Water dripped. The fly buzzed. My breath pumped in and out. Otherwise, quiet. Total, absolute quiet.
The phone call. Whoever the bastard was he had tipped them off. Ambush up ahead. But who? How?
The air came alive with red fire. My eyes went blind, bright light overwhelming me. An oven blast struck my cheek, eyelashes curling, skin burning. I dropped down, taking cover behind the cask, my body in a crouch, my ass dipped in the water, face pressed into the wood.
I could feel the cask shake as lase-fire ripped into it. Smoldering wood chips rained on my head, and smoke filled my nostrils. I looked left, my vision fuzzy and blurred. Through the haze, I could see return fire coming from Deluski’s position, the beam terminating in a confusing red-black smear.
How did they know where I was? Fucking heat sensors. Had to be.
A chunk of wood bounced off my shoulder. My cover wouldn’t last much longer.
Fall back to the stairs. Cement and rock would hold better than rotten wood. I sank into the cold water, stretched my legs out so my torso went all the way in. Good luck finding my heat signature now.

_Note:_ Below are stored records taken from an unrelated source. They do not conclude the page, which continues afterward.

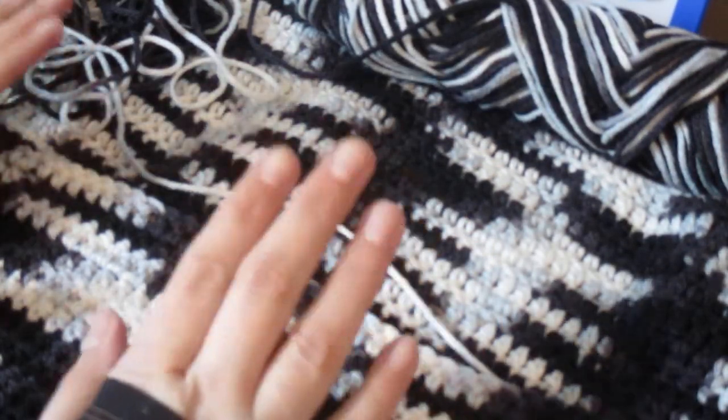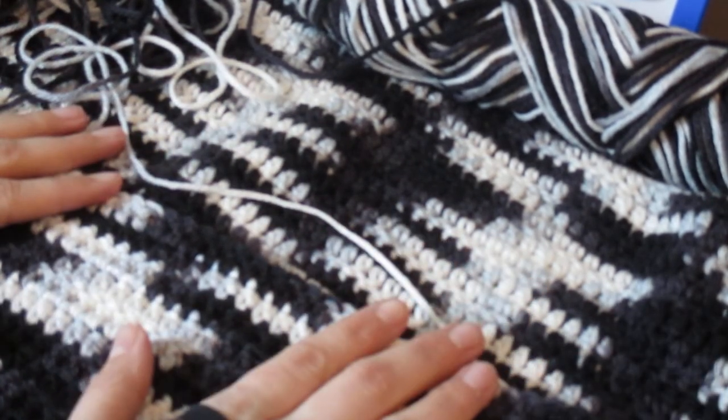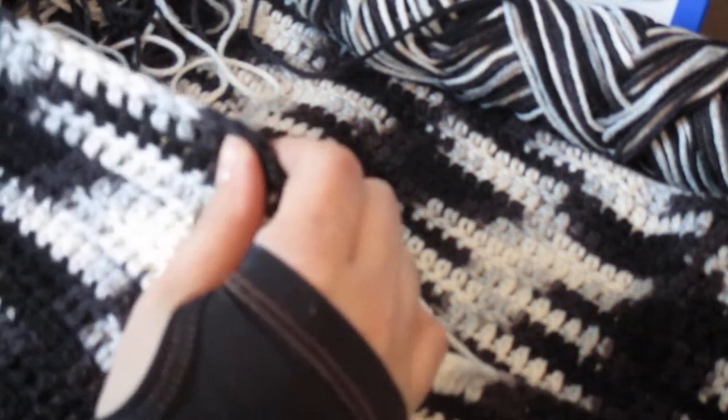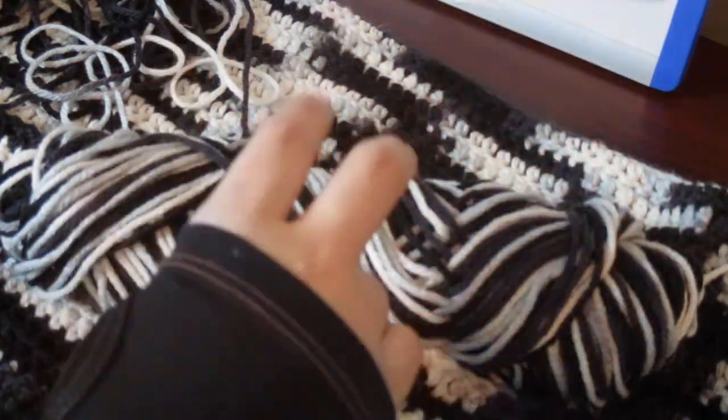So if you make multiple items in the same color yarn — multiple scarves, gloves, or blankets — they're all going to be a little different. They're not going to have the same pattern of colors over and over, which is really cool. And everyone asks, 'Oh, how did you do that?' So it's really cool to show them that you just use a multicolored or variegated yarn and it just comes out that way.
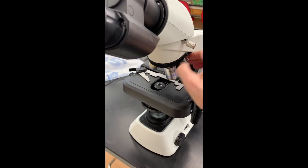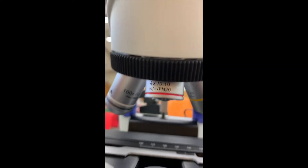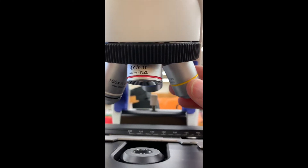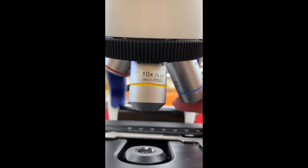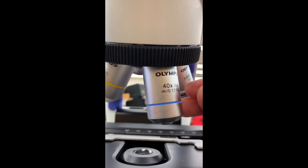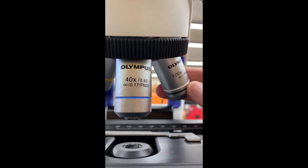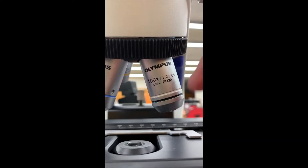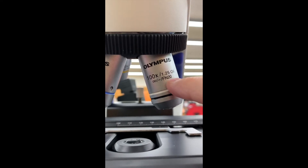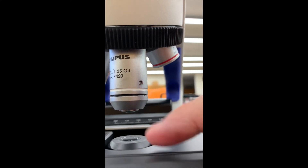We have four objectives. This is the 4x objective, so you're going to start with this, and then you move to 10x which is yellow. Then you will move to 40x which is blue. And finally, you'll put your drop of oil on your slide and then use the 100x oil and click that into place. It should be tight on the slide.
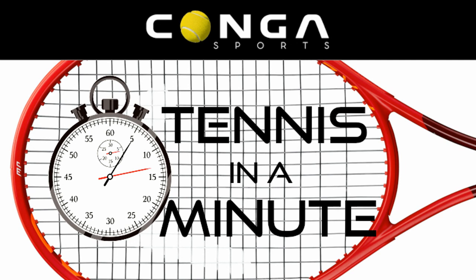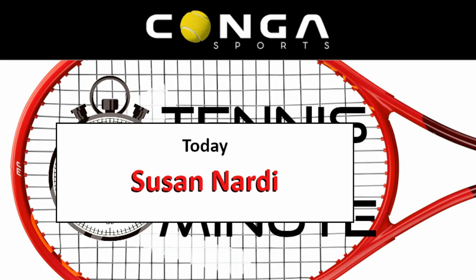Welcome to Tennis in a Minute, the show that turns couch potatoes into court gladiators and brings your tennis game to amazing levels. Each episode, we bring you a different concept by highly trained teaching professionals. So sit back, relax, enjoy, and don't forget: split step, prepare, low to high.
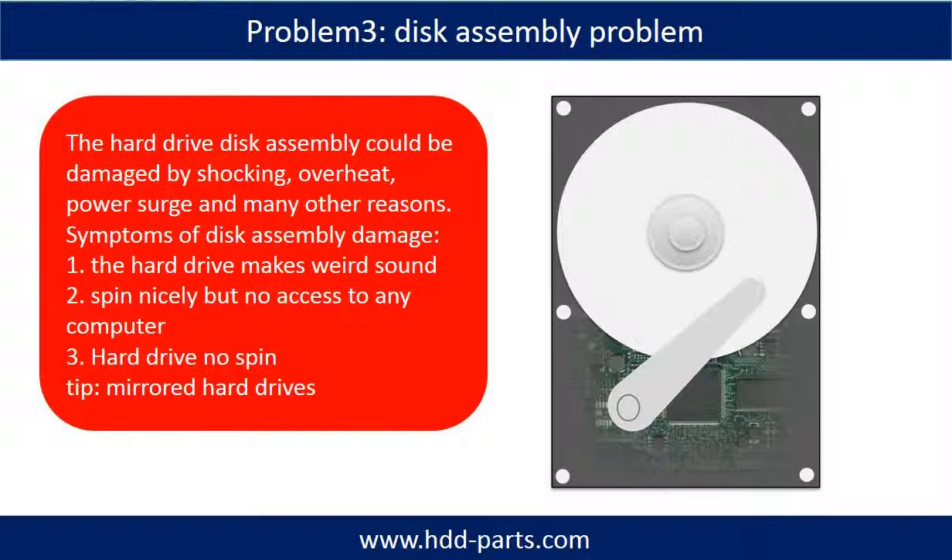Tips: If the storage is configured as mirrored hard drives, you can take the bad hard drive out, then put a same size or bigger hard drive into the bay, and the storage will mirror the data to the new hard drive automatically. If this trick doesn't work, that means the two mirrored hard drives are both damaged, or the storage was configured as RAID 0, meaning the two hard drives work differently.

I took a second to locate the staircase in the deep-red glow of lase-fire, then I sucked in a breath and dropped in my head. Underwater, I scrambled for the stairs, doing a swim-crawl. Water exploded around me. Microcurrents struck me like punches, wild surf tinted bloodred with lase-fire.
Hot water scalded my face, my ankles, my gun hand. I turned back, paddling, crawling, lunging. My head struck something hard. I came up and sucked air as I tapped around with my weapon, the sound of hollow wood answering back. Another cask. I pulled myself upright, my back leaning against my new cover.

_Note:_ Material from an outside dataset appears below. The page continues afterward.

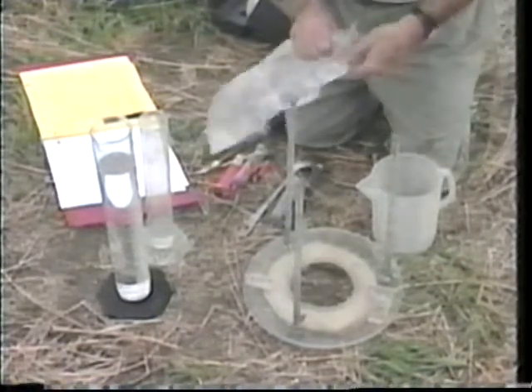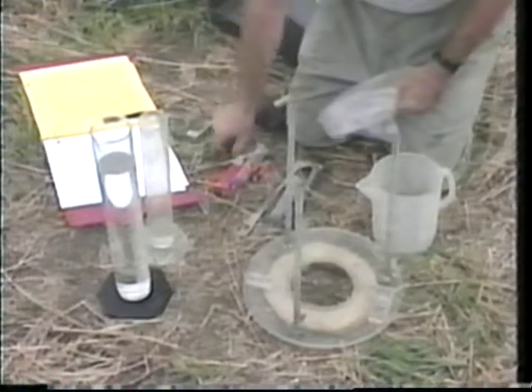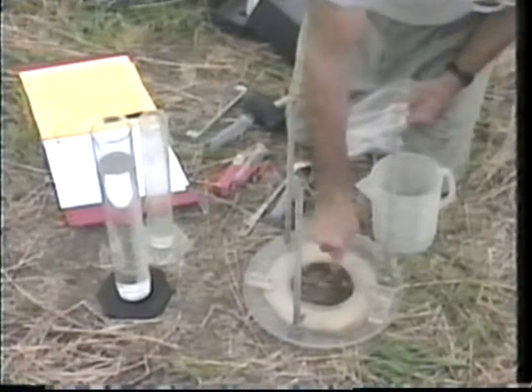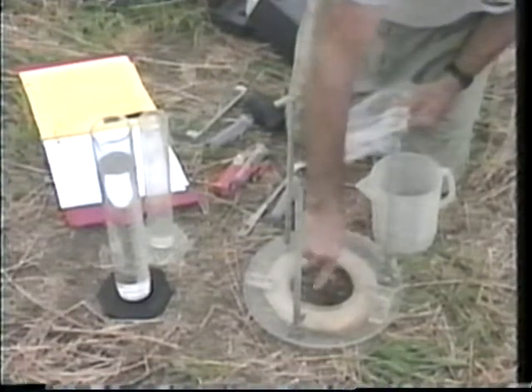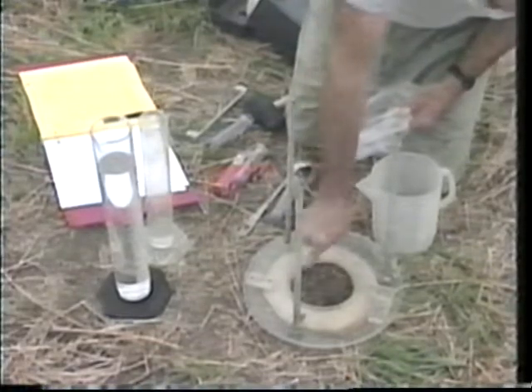Zones as thin as 2 centimeters may be measured, and the immediate surface need not be disturbed. Bulk density is a very important measurement in soils and can be used to predict the rate at which water moves through the soil, the water-holding capacity of the soil, and the air-filled porosity of the soil.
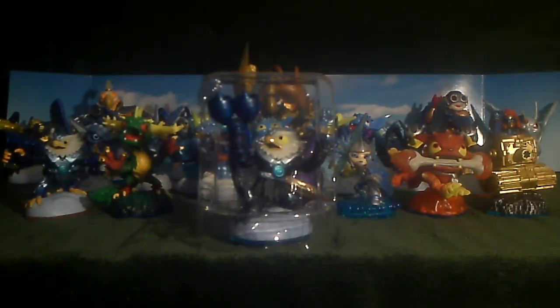I might hit up Target sometime to see what they've got. Looking at the sticker and training card: Strength at 80, Defense at 60, Speed at 80, and Luck at 100. Cool. Let's take a look at Jet-Vac himself and get the figure out.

Bastards saw me. Even when I went underwater. Shit.
Lase-fire erupted from the staircase, momentarily silhouetting Deluski’s crouched form. He’d managed to fall back unhurt. All their fire was focused on me.

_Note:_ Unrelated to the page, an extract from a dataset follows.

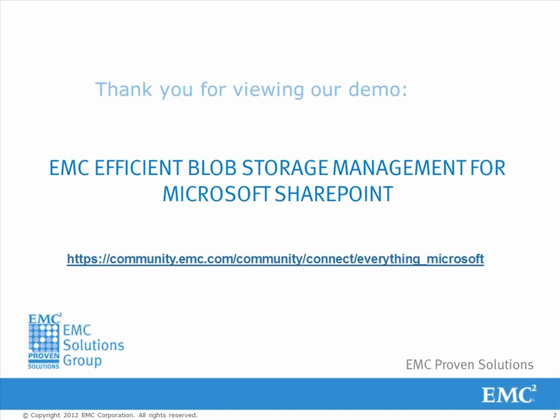Thank you for watching this video with us. There are more videos that are part of the solution — please watch them. You can also download the white paper from the link below.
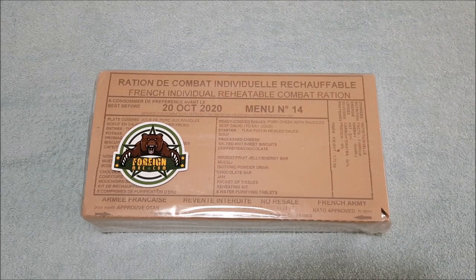G'day everyone! How's it all going? Today we're going to be checking out a 24-hour French individual reheatable combat ration or IRCR. I've never had the chance to try one of these before, so really looking forward to getting into it.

It was me they could see. Not Deluski. How?
From behind, I heard splashing. They were closing. Deluski searched with his flashlight and took some potshots, but the splashes came closer.
I couldn’t stay here. But I was farther away from the stairs than I’d been on my first try-no chance in hell I’d make it. Deluski’s position was more and more vulnerable with our enemies’ every wet step forward.
I had to move.
“Run!” I yelled at Deluski. I didn’t stick around for a response. I took off in the opposite direction. I held the trigger down, squeezing off a long burn and chased the light. Stinging with exertion, my legs fought the water, my knees kicking up spray that flash-fried in the lase-beam.
The lift. Its shaft ran up to the surface. There had to be a service ladder or staircase nearby. Had to be.
The water deepened, now up to my thighs. I dropped in and swam. A beam sizzled by. I dove deep, my stomach scraping the floor as I stroked forward through the black water, my lungs on fire, my eyes seeking the lift. Flashes of red light penetrated the dark, but couldn’t penetrate deep water.
I came up for a puff of air, the back of my head catching a steamy spray, scalp on fire. I went back down, cold water extinguishing, soothing. I hit something with my stump, pain ricocheting up and down my arm. I came up for another puff, afraid to surface for more than a sip.
Air. I needed more air.
I steered left, edging closer to toppled shelving. I picked my way into a gap alongside a cask, splinters digging, my weight centering underneath me. I stood upright and sucked air, my piece taking aim.
Fire came at me, two beams tearing at the cask. Couldn’t fool those fuckers for a second. I aimed at the beams’ source and returned fire. Their beams went dark. I jerked the beam around, attacking the black with a fiery scribble.